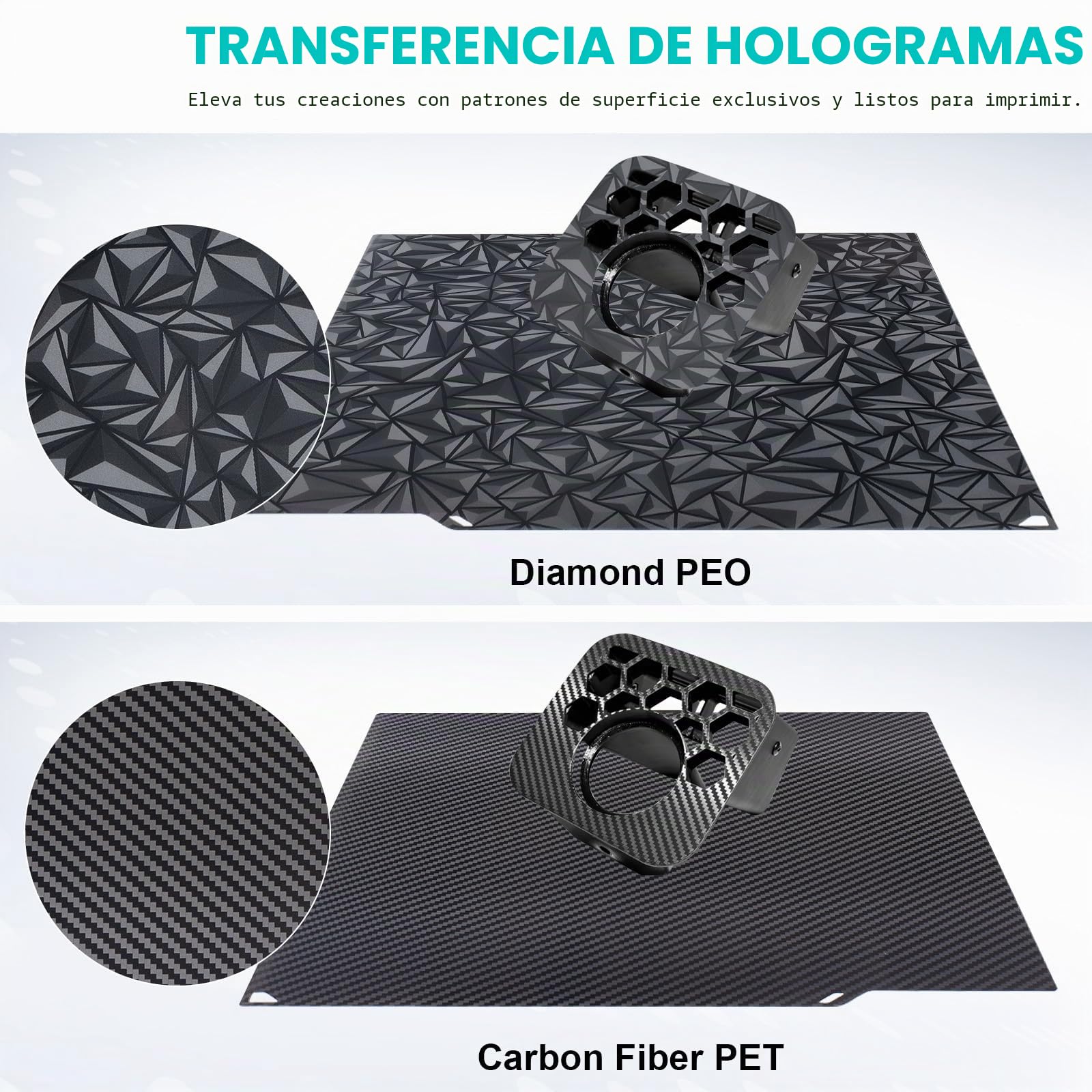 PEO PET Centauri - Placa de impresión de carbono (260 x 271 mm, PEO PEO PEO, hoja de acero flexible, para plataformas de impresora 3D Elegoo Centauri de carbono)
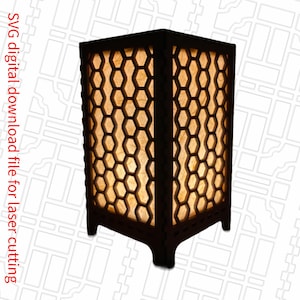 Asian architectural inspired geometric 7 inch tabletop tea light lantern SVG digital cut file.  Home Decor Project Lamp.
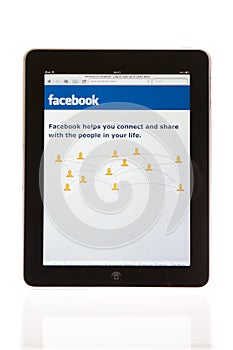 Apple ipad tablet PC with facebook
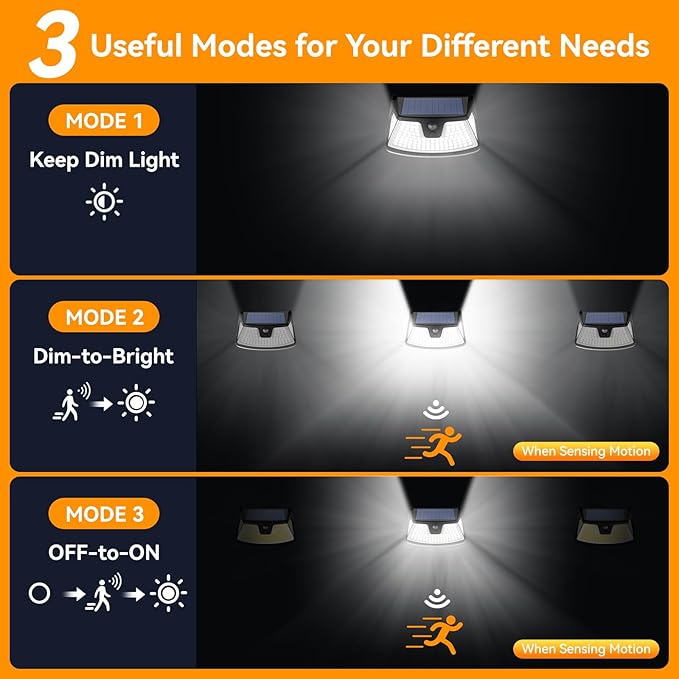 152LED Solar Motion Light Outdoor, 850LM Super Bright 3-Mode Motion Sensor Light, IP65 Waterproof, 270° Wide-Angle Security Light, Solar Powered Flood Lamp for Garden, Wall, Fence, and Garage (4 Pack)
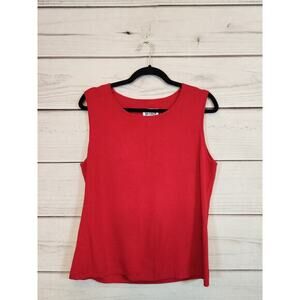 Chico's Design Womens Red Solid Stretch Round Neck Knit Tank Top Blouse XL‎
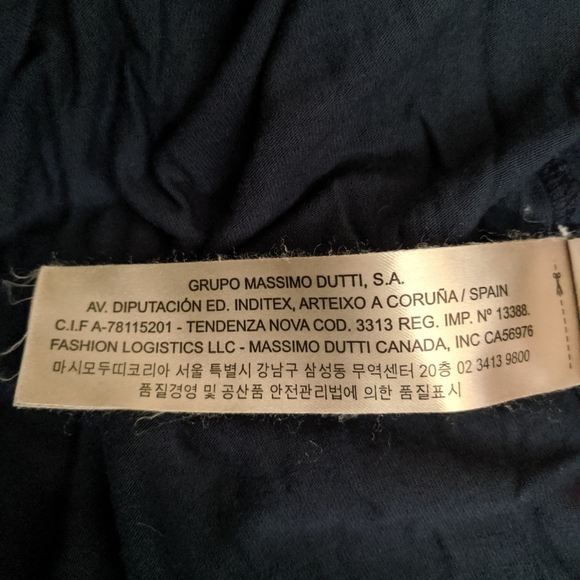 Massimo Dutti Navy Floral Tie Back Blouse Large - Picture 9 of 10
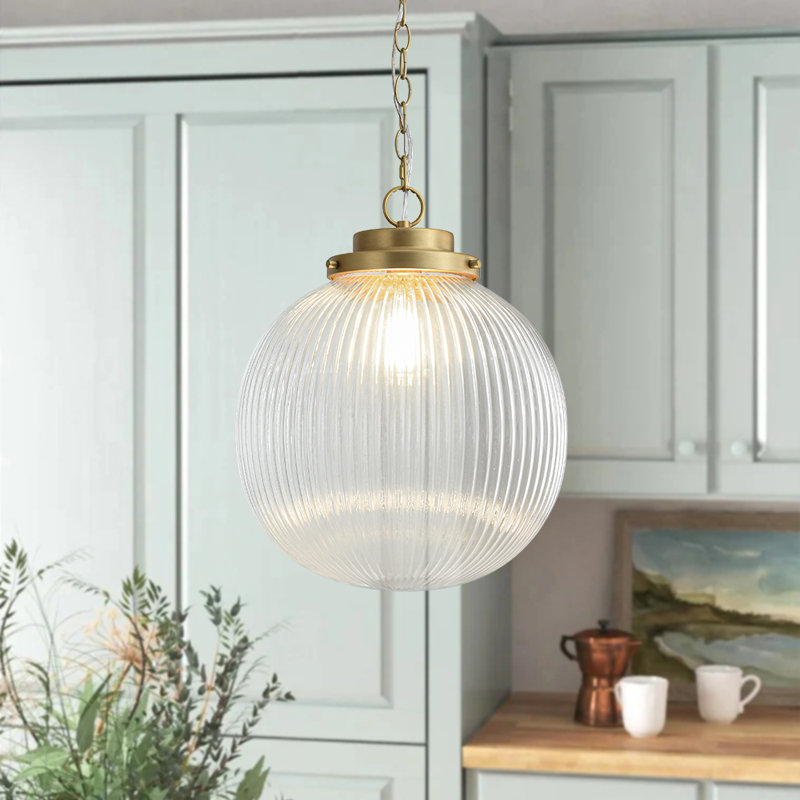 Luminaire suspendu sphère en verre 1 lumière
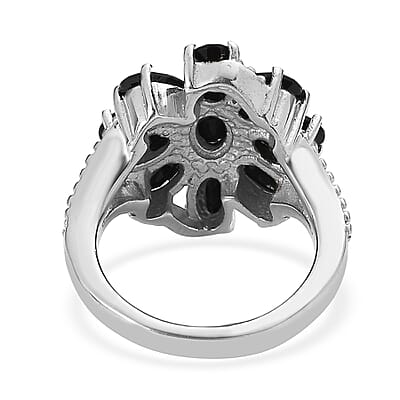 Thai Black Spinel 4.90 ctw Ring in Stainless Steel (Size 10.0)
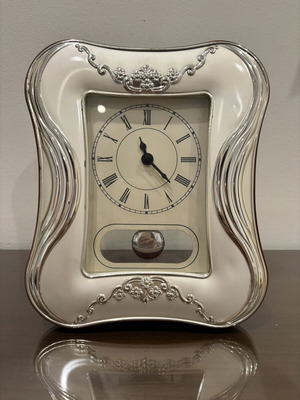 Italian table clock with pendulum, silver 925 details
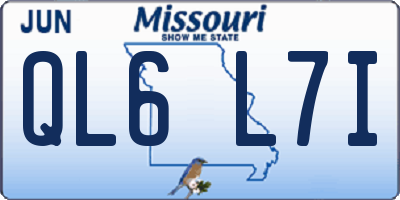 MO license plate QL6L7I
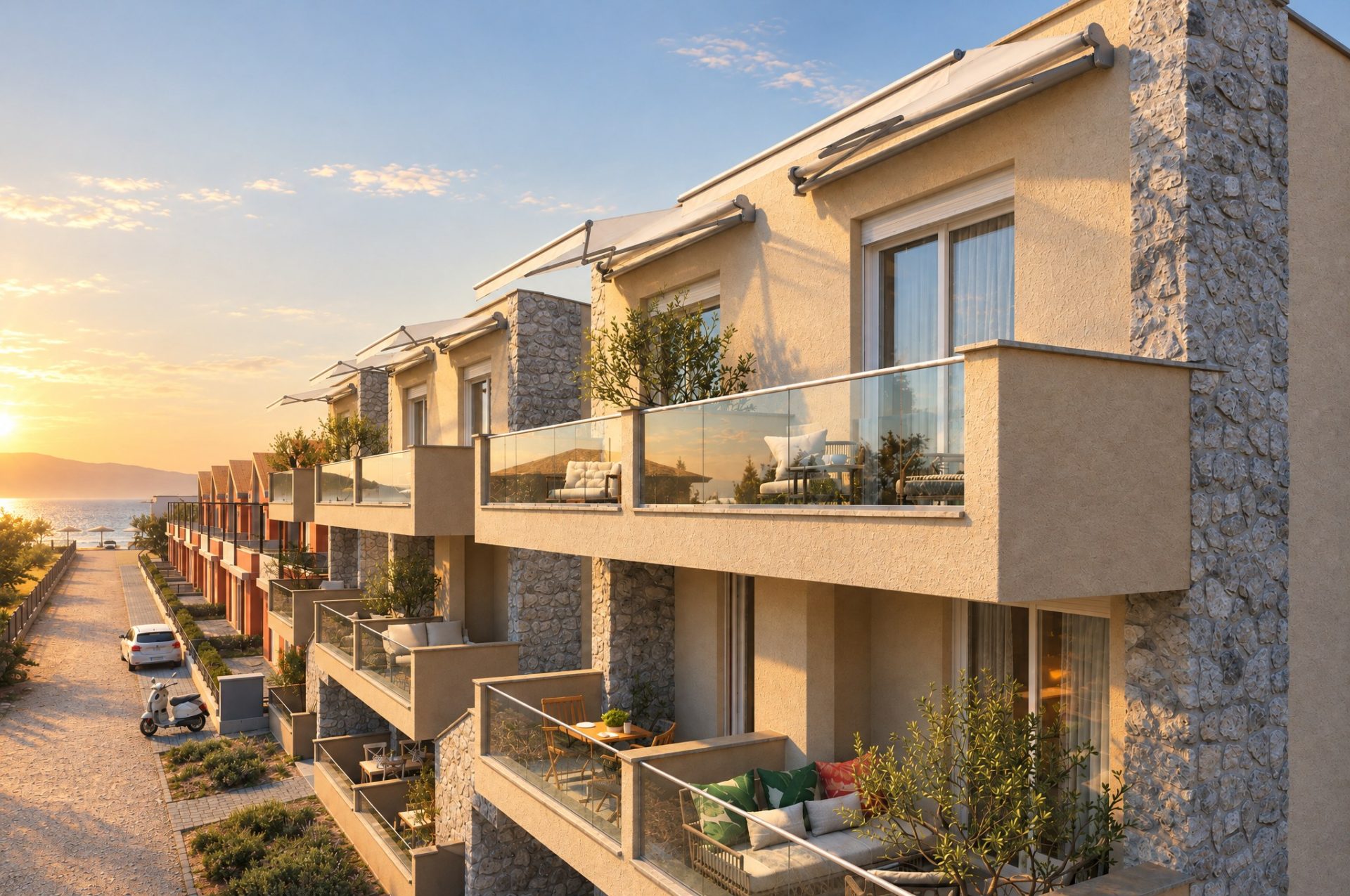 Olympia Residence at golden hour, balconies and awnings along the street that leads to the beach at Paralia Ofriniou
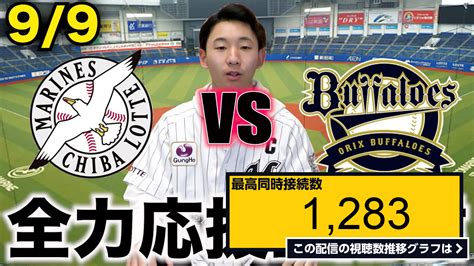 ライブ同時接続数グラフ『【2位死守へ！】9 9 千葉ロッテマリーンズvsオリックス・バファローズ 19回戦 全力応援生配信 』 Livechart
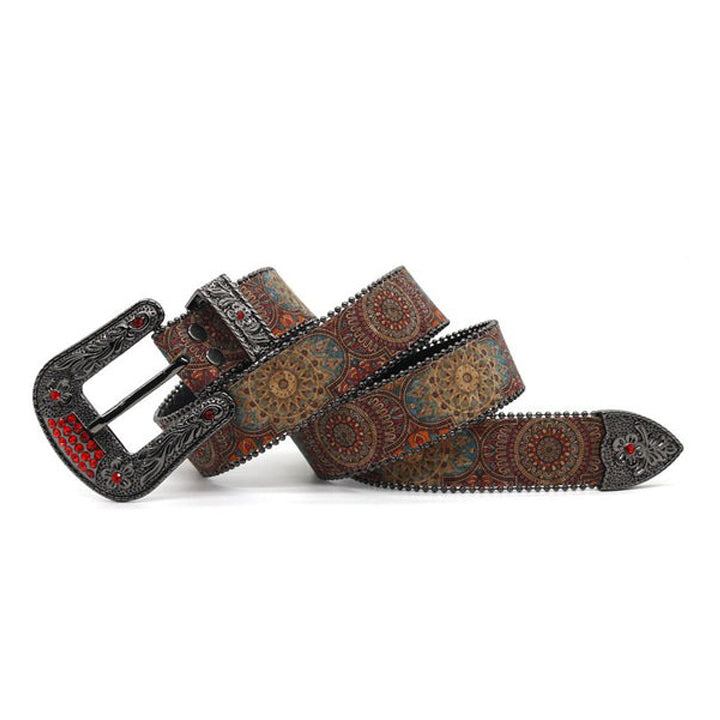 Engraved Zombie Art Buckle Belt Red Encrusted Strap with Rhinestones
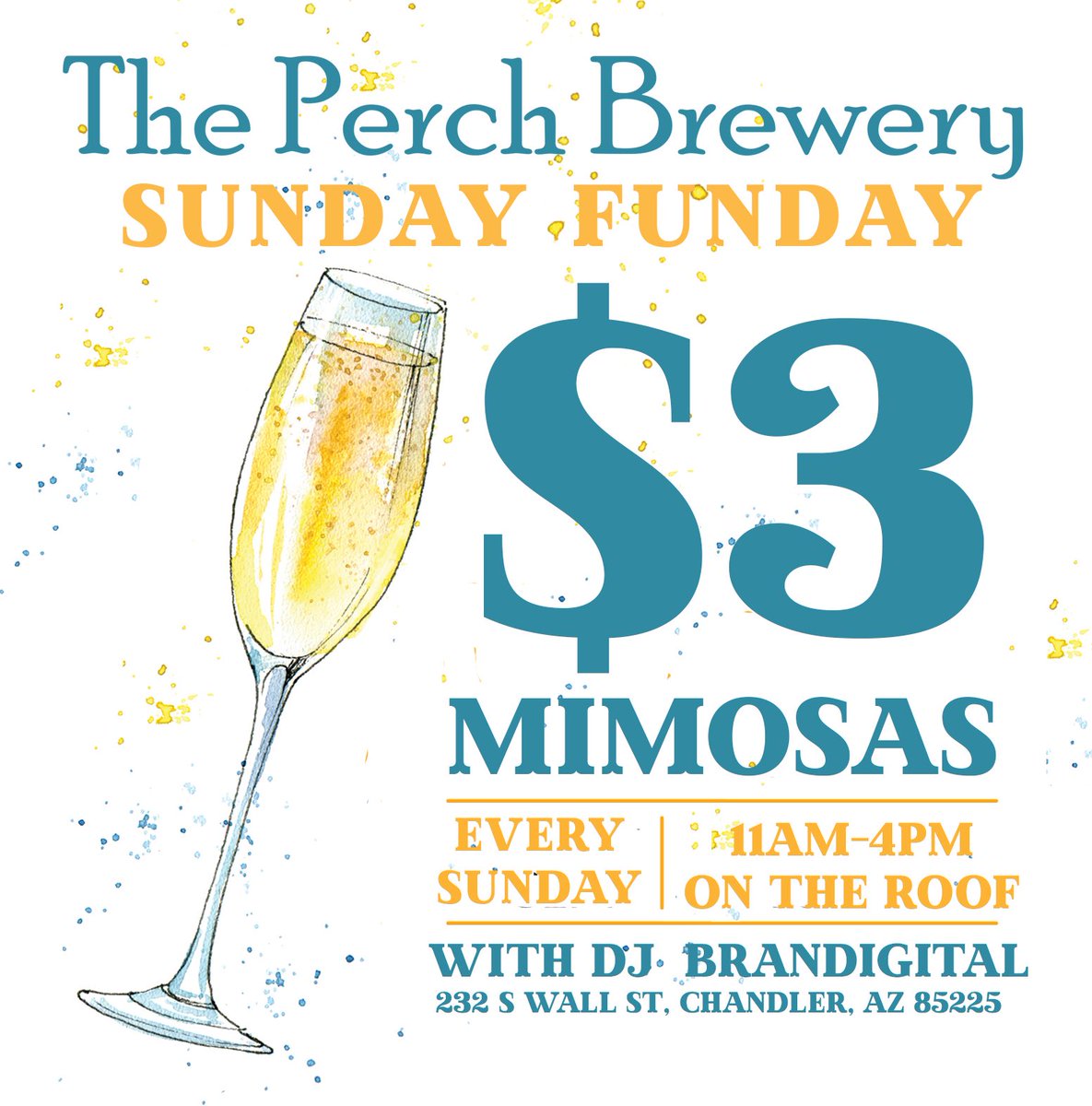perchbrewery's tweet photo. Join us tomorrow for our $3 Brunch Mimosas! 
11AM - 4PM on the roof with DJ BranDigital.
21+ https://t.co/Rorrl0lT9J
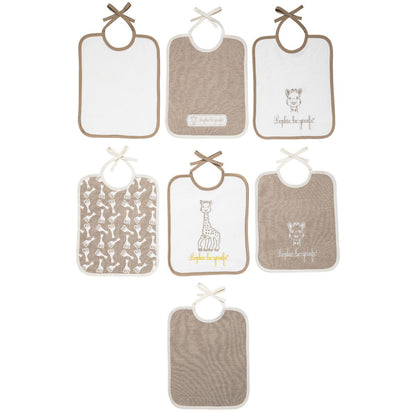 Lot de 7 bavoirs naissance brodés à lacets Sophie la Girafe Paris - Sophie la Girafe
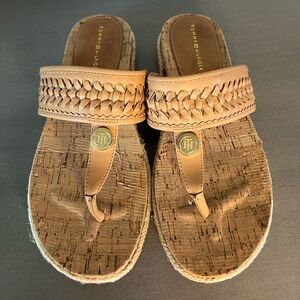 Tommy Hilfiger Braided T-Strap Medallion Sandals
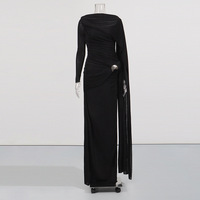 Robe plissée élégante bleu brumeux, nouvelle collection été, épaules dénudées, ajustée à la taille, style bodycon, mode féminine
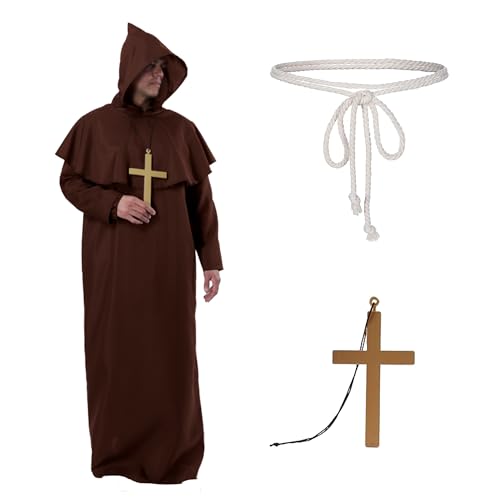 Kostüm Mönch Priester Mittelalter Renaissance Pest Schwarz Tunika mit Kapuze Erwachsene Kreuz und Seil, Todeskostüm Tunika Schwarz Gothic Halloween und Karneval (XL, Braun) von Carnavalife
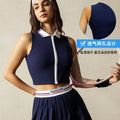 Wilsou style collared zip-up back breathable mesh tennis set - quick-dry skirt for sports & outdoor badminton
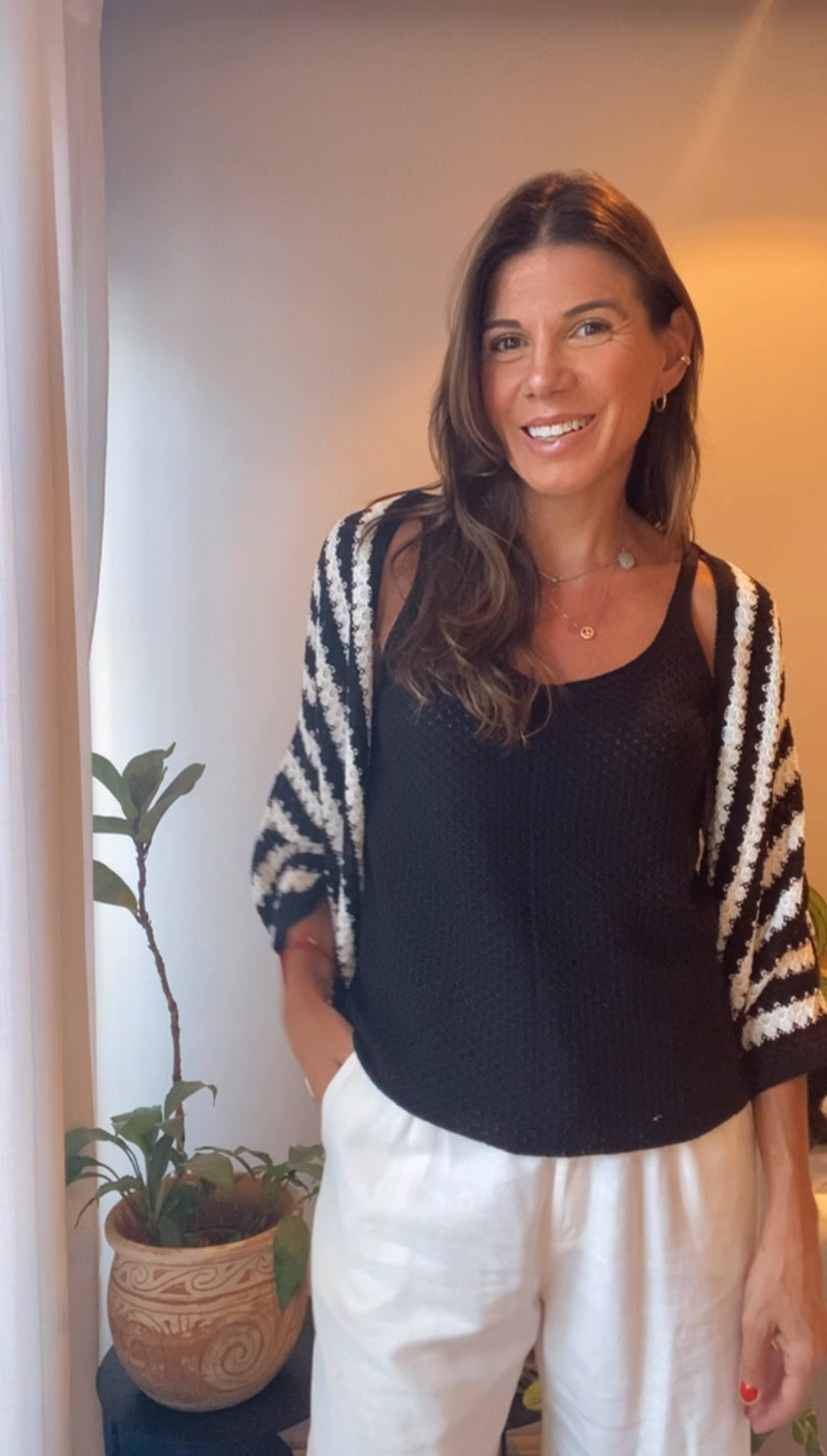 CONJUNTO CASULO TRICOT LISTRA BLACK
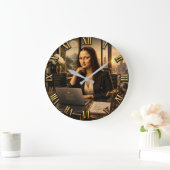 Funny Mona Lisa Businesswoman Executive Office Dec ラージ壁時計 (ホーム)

--------------------

Leave the pictures out and reproduce exactly the lines from the top of the listing above through the line with "Tommy Hilfiger Braided".

 PEO PET Centauri - Placa de impresión de carbono (260 x 271 mm, PEO PEO PEO, hoja de acero flexible, para plataformas de impresora 3D Elegoo Centauri de carbono)
 Asian architectural inspired geometric 7 inch tabletop tea light lantern SVG digital cut file.  Home Decor Project Lamp.
 Apple ipad tablet PC with facebook
 152LED Solar Motion Light Outdoor, 850LM Super Bright 3-Mode Motion Sensor Light, IP65 Waterproof, 270° Wide-Angle Security Light, Solar Powered Flood Lamp for Garden, Wall, Fence, and Garage (4 Pack)
 Chico's Design Womens Red Solid Stretch Round Neck Knit Tank Top Blouse XL‎
 Massimo Dutti Navy Floral Tie Back Blouse Large - Picture 9 of 10
 Luminaire suspendu sphère en verre 1 lumière
 Thai Black Spinel 4.90 ctw Ring in Stainless Steel (Size 10.0)
 Italian table clock with pendulum, silver 925 details
 MO license plate QL6L7I
 Olympia Residence at golden hour, balconies and awnings along the street that leads to the beach at Paralia Ofriniou
 ライブ同時接続数グラフ『【2位死守へ！】9 9 千葉ロッテマリーンズvsオリックス・バファローズ 19回戦 全力応援生配信 』 Livechart
 Engraved Zombie Art Buckle Belt Red Encrusted Strap with Rhinestones
perchbrewery's tweet photo. Join us tomorrow for our $3 Brunch Mimosas! 
11AM - 4PM on the roof with DJ BranDigital.
21+ https://t.co/Rorrl0lT9J
 Lot de 7 bavoirs naissance brodés à lacets Sophie la Girafe Paris - Sophie la Girafe
 Tommy Hilfiger Braided T-Strap Medallion Sandals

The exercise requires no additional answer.